— EXERCISE REQUIREMENTS —
The copy must run from the line containing "Slightly used nike sneakers" through the final line of the records, both included, exactly as written. It should contain no pictures.

Start of AVAILABLE DATA

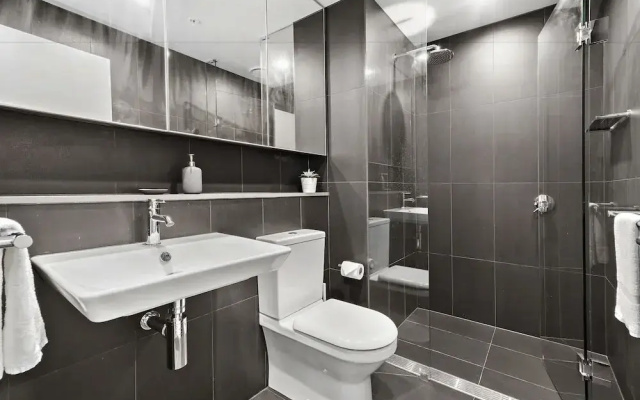 ABIGAIL, 2BDR Docklands Apartment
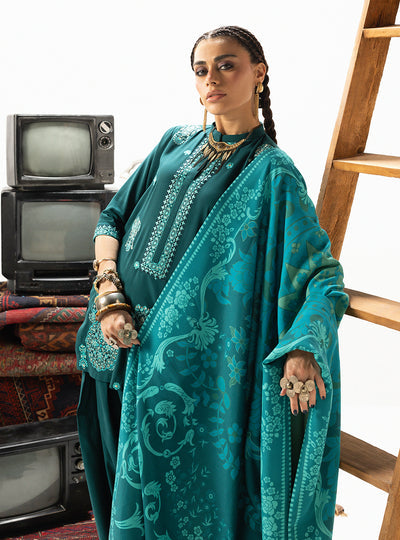 Zainab Chottani | Winter Shawl 25 | Kyana - D6 by Zainab Chottani - Designer Dress  - Type : Ladies Clothes - Available at Libayah - 100% Original 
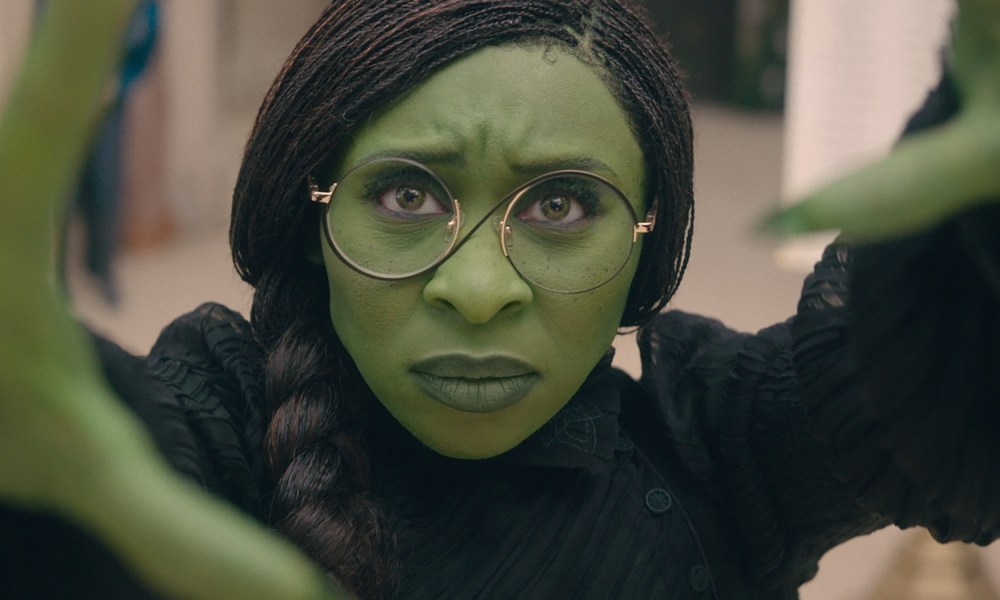 Cynthia Erivo wears glasses in Wicked.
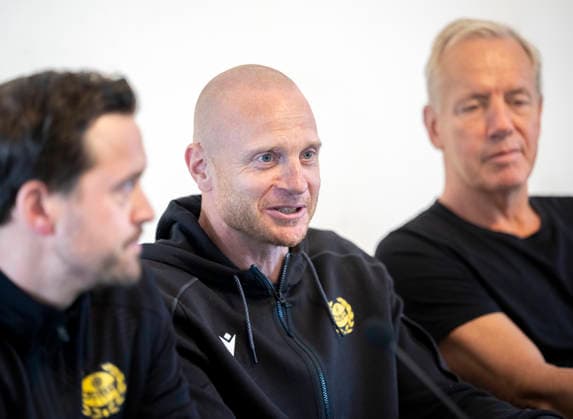 HÄLLEVIK, September 9, 2026 Club manager Jacob Lennartsson, new head coach Andreas Brännström, and sports director Hans Larsson, as Mjällby AIF holds a press conference at its office at Strandvallen in Hällevik on Wednesday. Mjällby fired coach Karl Marius Aksum this week. HÄLLEVIK, SWEDEN x50090x  Copyright: xJohanxNilssonx xTTx DAMALLSVENSKAN MALMÖ FF-DJURGARDEN
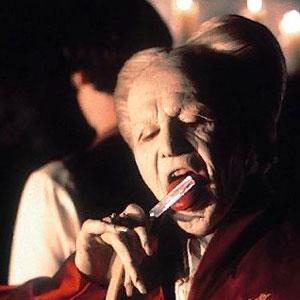 Dracula no Bram Stokers... Autors: ZemeņuMeitene Top 10 neglītākie vampīri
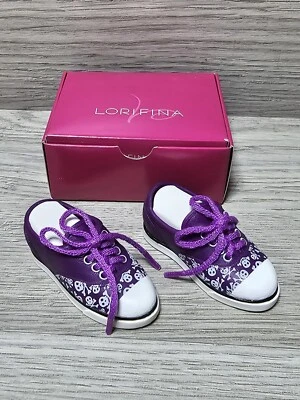 2008 RETIRADO Muñeca Lorifina Zapatos Deportivos Tenis Púrpura Calaveras Hasbro Miss Revlon Foto 1 de 4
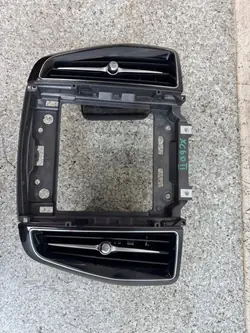 Painel de ventilação de rádio OEM 31477275 para Volvo XC60 II 2017-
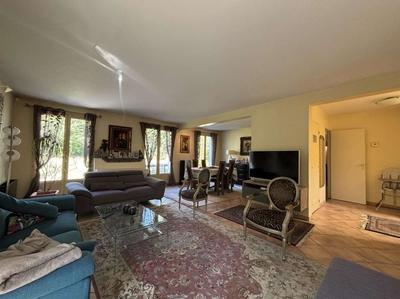 Maison - 210 m² - 7 pièces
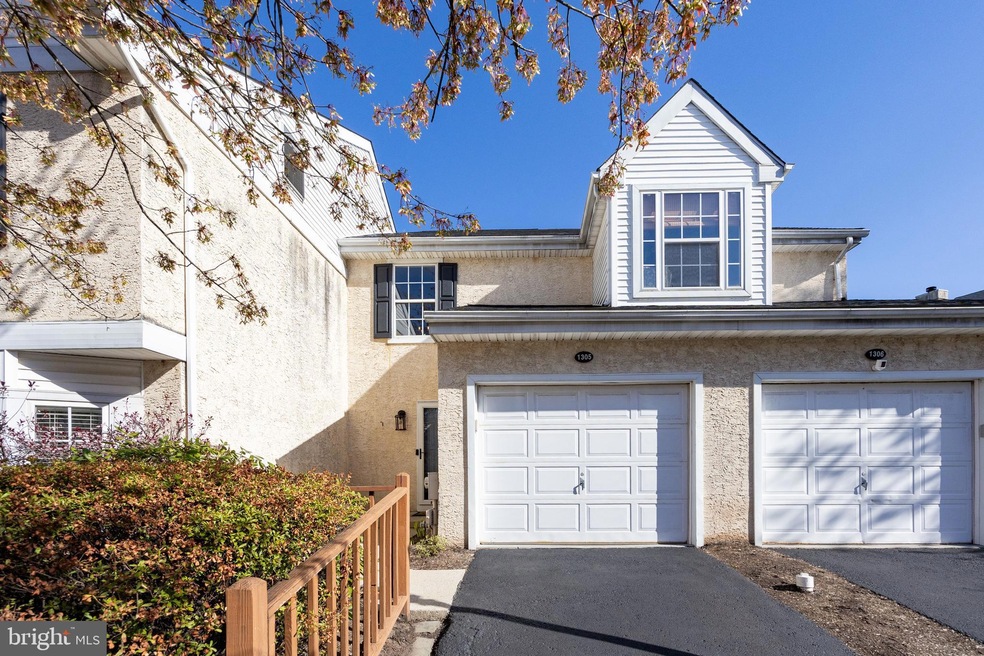 1305 Coventry Pointe Ln, Pottstown, PA 19465 - photo 1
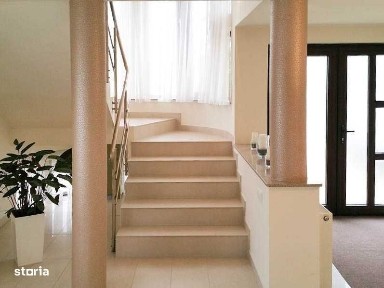 Inchiriez casa zona foarte buna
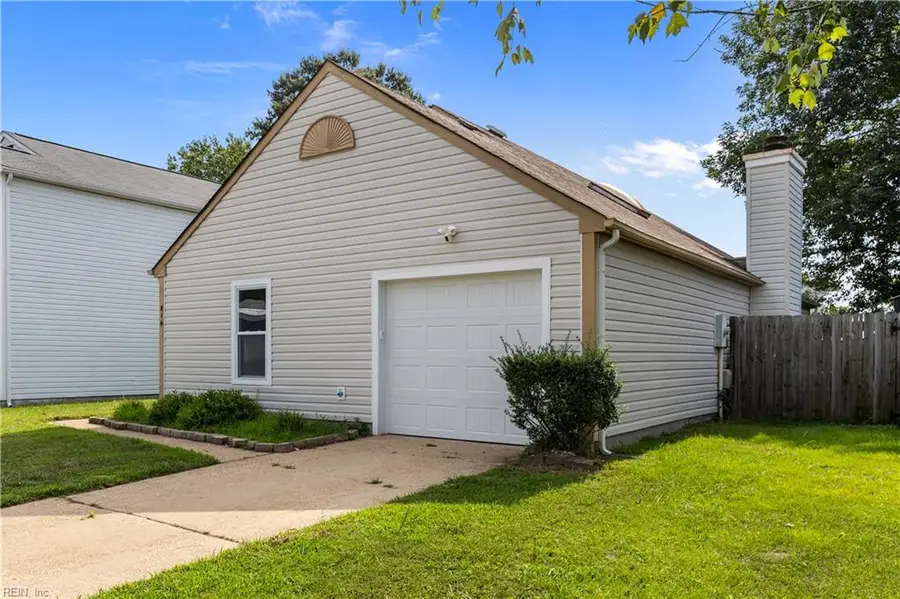 816 Chimney Hill Parkway, Virginia Beach, VA 23462 - #3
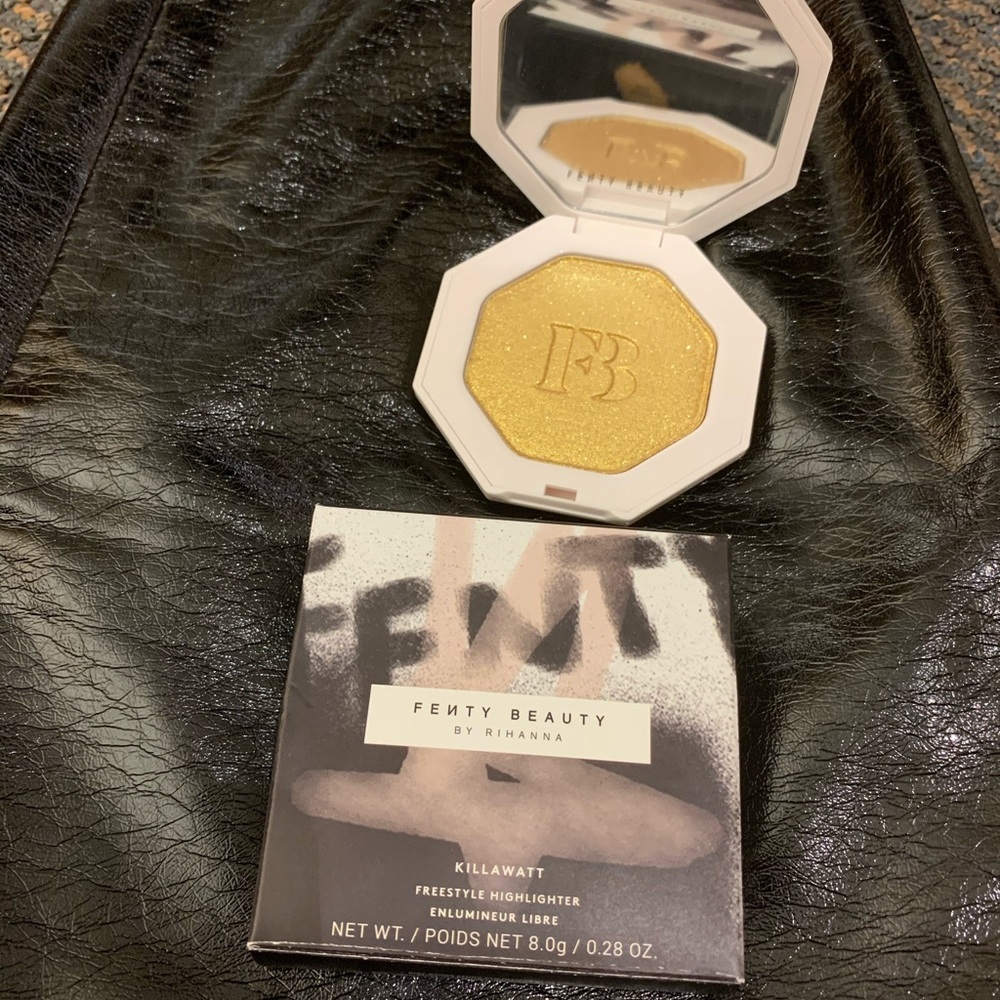 Fenty Killawatt highlighter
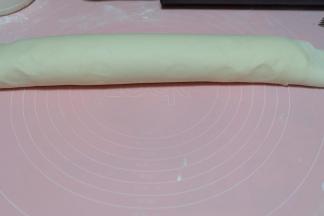 把面饼卷起来，最后收口的时候用擀面杖把面饼边缘处擀薄一些，方便卷成形；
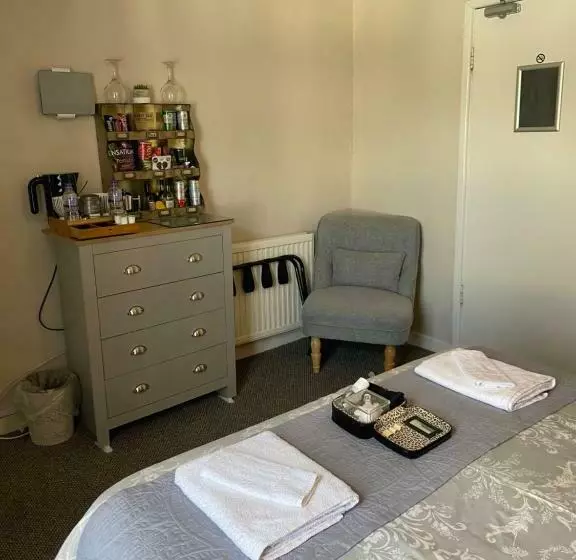 ベッドアンドブレックファースト The Old Brasserie & Rooms @ No.8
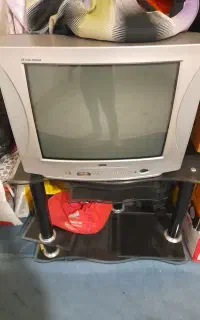 تلویزیون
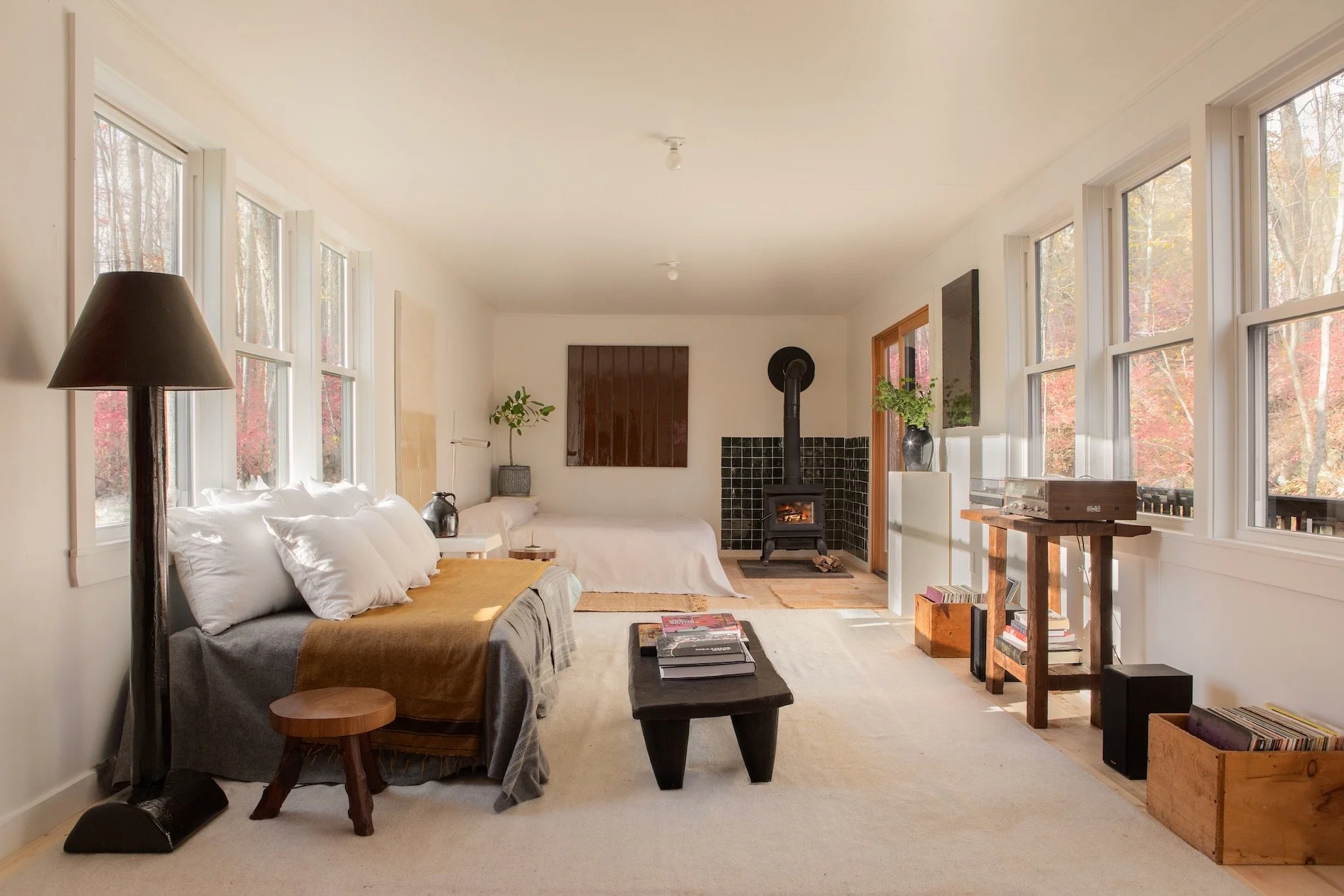 salon avec poêle décoration rustique chic maison en bois dans la vallée de l'Hudson 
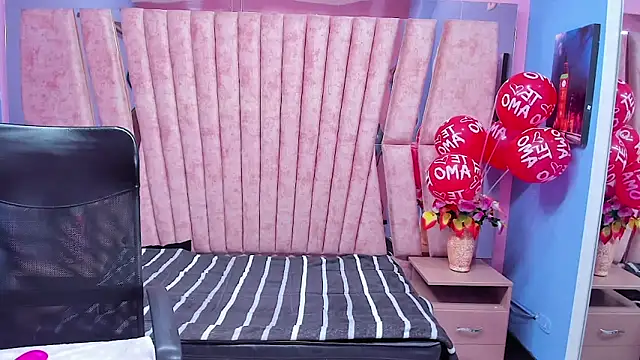 Snapshot of sarah_sweett_ chatting on 21, 12, 2025 sarah sweett online show from 21, 12, 2025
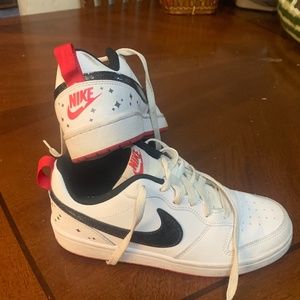 Slightly used nike sneakers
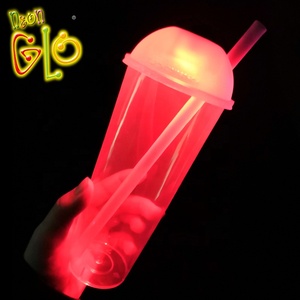 Saman ile kişiselleştirilmiş plastik LED ışık pipetli bardak özel reklam fincan kupa - Product Image 2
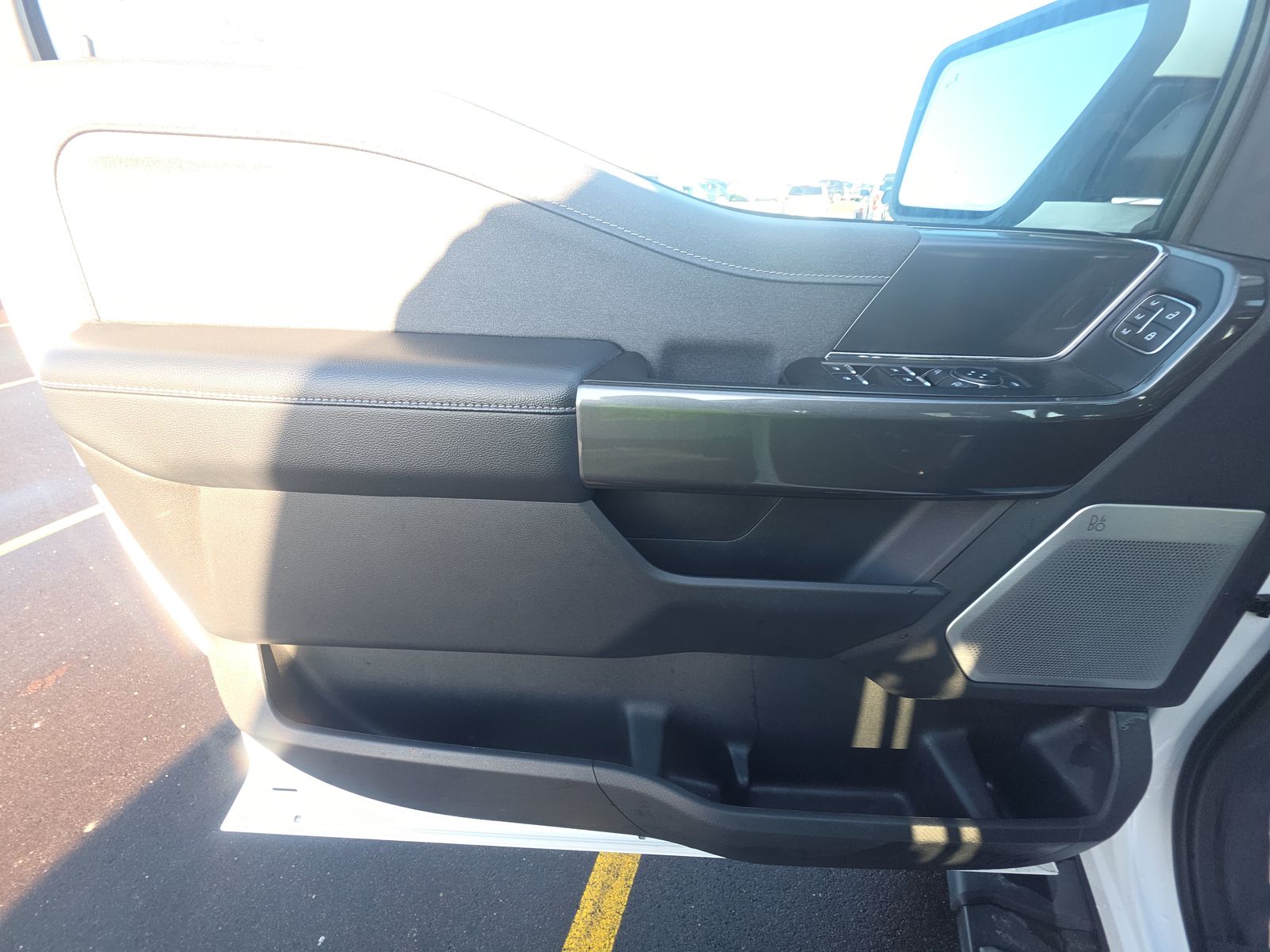 2023 Ford F-150 Hybrid Lariat AWD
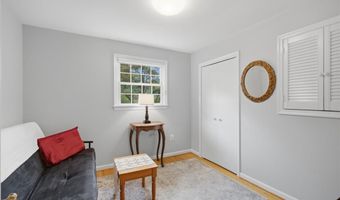 8906 TRANSUE Dr, Bethesda, MD 20817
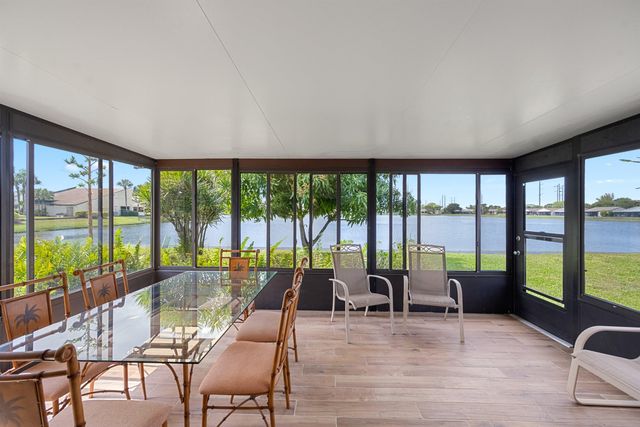 5871 Mirror Lakes Boulevard, Boynton Beach, FL 33472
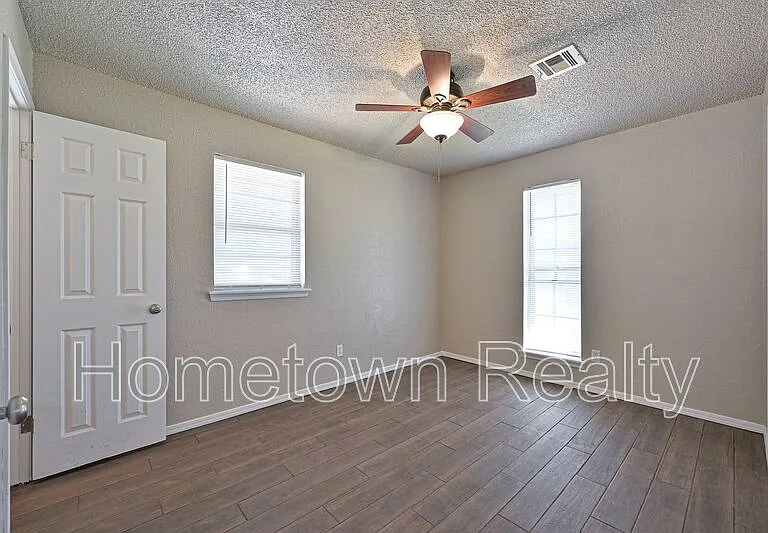 629 Lloyd Ave — Photo 16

End of AVAILABLE DATA

— FINISHED TASK —
 Slightly used nike sneakers
 Saman ile kişiselleştirilmiş plastik LED ışık pipetli bardak özel reklam fincan kupa - Product Image 2
 2023 Ford F-150 Hybrid Lariat AWD
 8906 TRANSUE Dr, Bethesda, MD 20817
 5871 Mirror Lakes Boulevard, Boynton Beach, FL 33472
 629 Lloyd Ave — Photo 16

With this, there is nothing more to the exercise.